A música popular brasileira, em toda sua história, constituiu-se através de misturas e embates. Portanto, pensar que existe uma matéria-prima para esse fenômeno é pura contradição. A definição de artistas e estilos também é complicada, já que extrapolar as barreiras de determinado conceito fica fácil, tendo-se em vista que essas barreiras não são nem um pouco nítidas.

Como exemplo para essa afirmação caem muito bem a Bossa Nova e dois de seus principais participantes: Tom Jobim e VinÍcius de Morais. É difícil definir a Bossa Nova, embora muitos o façam. Sua criação, no final da década de 50 por João Gilberto, parece clara, junto com as características trazidas pelo autor: principalmente o estilo rítmico novo e a voz de “sussurros”. Tom e Vinicius entraram com letras e harmonias: as composições que João nunca fizera. A partir daí surgem as definições mais conhecidas, junto com mais duas da parte mais crítica ao estilo: a influência do jazz, isto é, da música norte-americana, e o fato de ser uma música alienada de classe média, despreocupada e desprendida da classe mais baixa.

Desconstruir essas definições, provando que as barreiras de identificação não são tão claras assim, pode ser feito através de exemplos. Enquanto Elis Regina - intérprete que não se identifica com as características "bossa-novistas" - canta "Águas de Março", João Gilberto faz o samba antigo "Falsa Baiana", de Geraldo Pereira, com todo o jeito da Bossa. "Falsa Baiana" é um samba tradicional, de um compositor amigo de Cartola, que morava próximo ao morro da Mangueira. Aí fica difícil saber se um dos dois exemplos citados é Bossa Nova, ou talvez os dois. Serão as composições ou o jeito de interpretá-las? Quanto à influência do jazz, é verdade, existe um pouco. E voltemos à questão da matéria-prima da música brasileira. O samba tradicional faz esse papel para os críticos da Bossa Nova, porém ele também surge de misturas africanas. Se o problema da mistura é ser com os Estados Unidos, é um fator muito mais político de época do que musical. Para a música, seja da nacionalidade que for, essa miscigenação é muito rica, como foi na Bossa Nova. O que é e o que deixa de ser é o menos crucial, mas a partir desse fenômeno a música brasileira deu mais um passo importante em sua história – isso é inegável.

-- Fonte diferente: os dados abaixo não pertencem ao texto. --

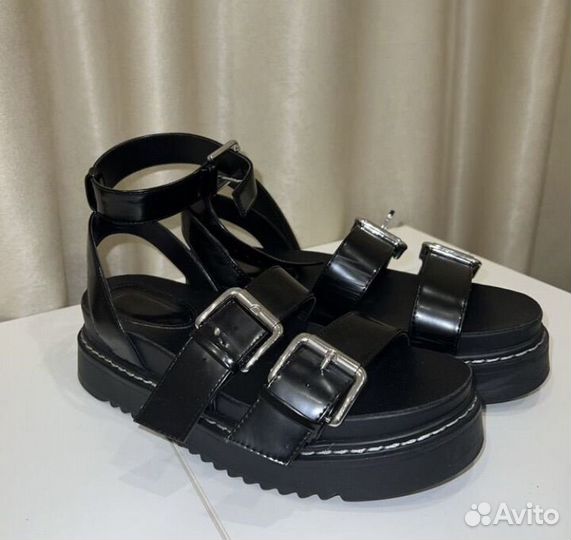 Сандали женские Bershka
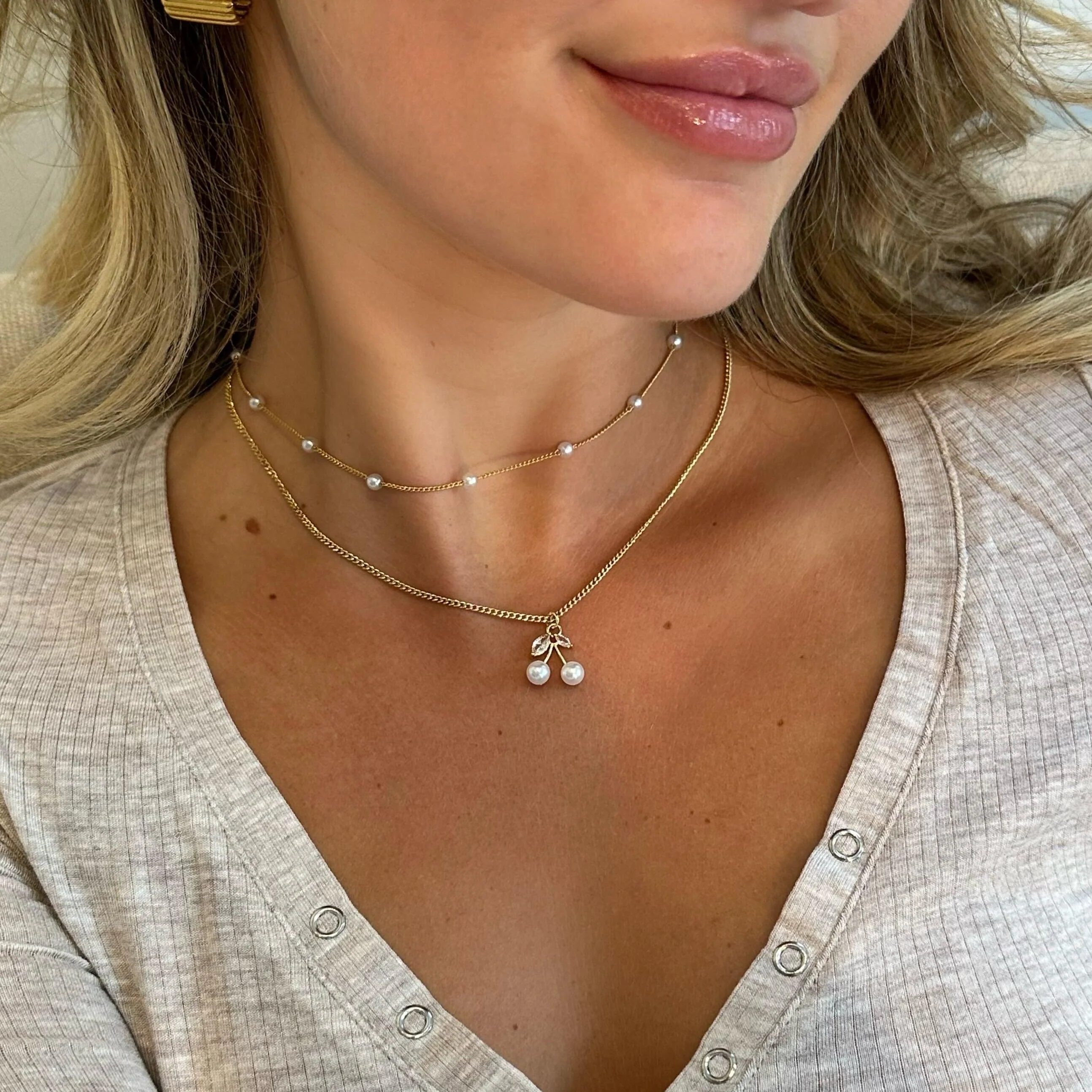 Lover Girl Necklace - Image 3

Desconstruída a visão limitada que muitos têm da Bossa Nova, falemos de Vinicius de Moraes e Tom Jobim. Muito ligam seus nomes diretamente à Bossa, porém ambos foram muito além de apenas um estilo musical. Não venho analisar João Gilberto porque, esse sim, tem que ser ligado, senão somente, principalmente a esse gênero.

Tom Jobim tem uma formação erudita, já tendo feito até uma sinfonia. Além disso, musicalmente foi do mais sofisticado ao mais simples em suas composições. Nelas, misturou estilos de música estrangeira com nacional. Como já foi criticado pelo apelido, devo dizer que mais patriota seu nome não poderia ser: Antonio Carlos Brasileiro de Almeida Jobim.

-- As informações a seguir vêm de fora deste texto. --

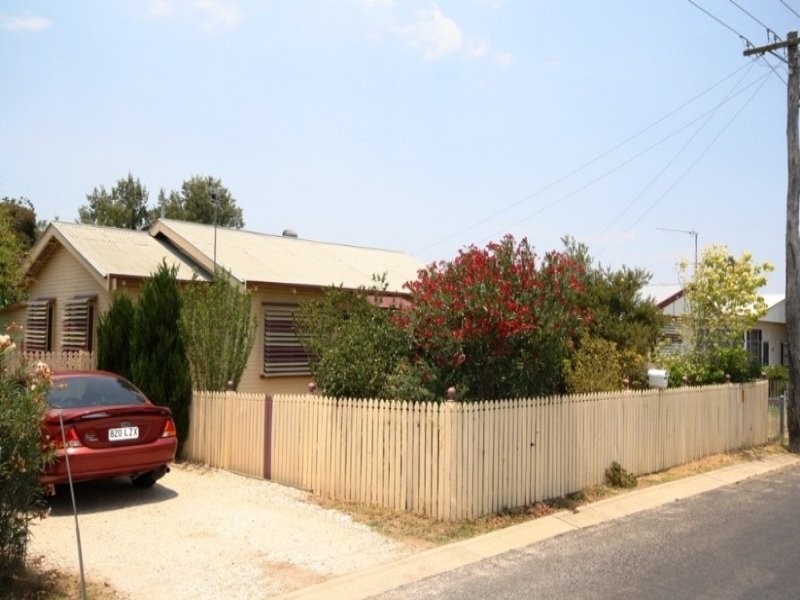 52 Stewart Avenue, Warwick QLD 4370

Vinicius de Moraes, poeta e diplomata, sempre se identificou mais com as palavras do que com as harmonias, embora fosse muito musical. Além disso, foi da Bossa Nova à Valsas e Sambas de Roda, passando pelo Afro-samba. Nesse, junto com um dos violonistas mais talentosos que o Brasil já teve, Baden Powell, resgatou os instrumentos do Candomblé, misturando com corais e poesias no meio de certas músicas.

Alguns críticos musicais fazem seu trabalho mais ligado à fase política que se passa do que pensando na importância musical para a história, o que é normal pela relação direta que a música muitas vezes tem com a política. Porém, em alguns momentos isso fica confuso e ocorre uma mistura equivocada.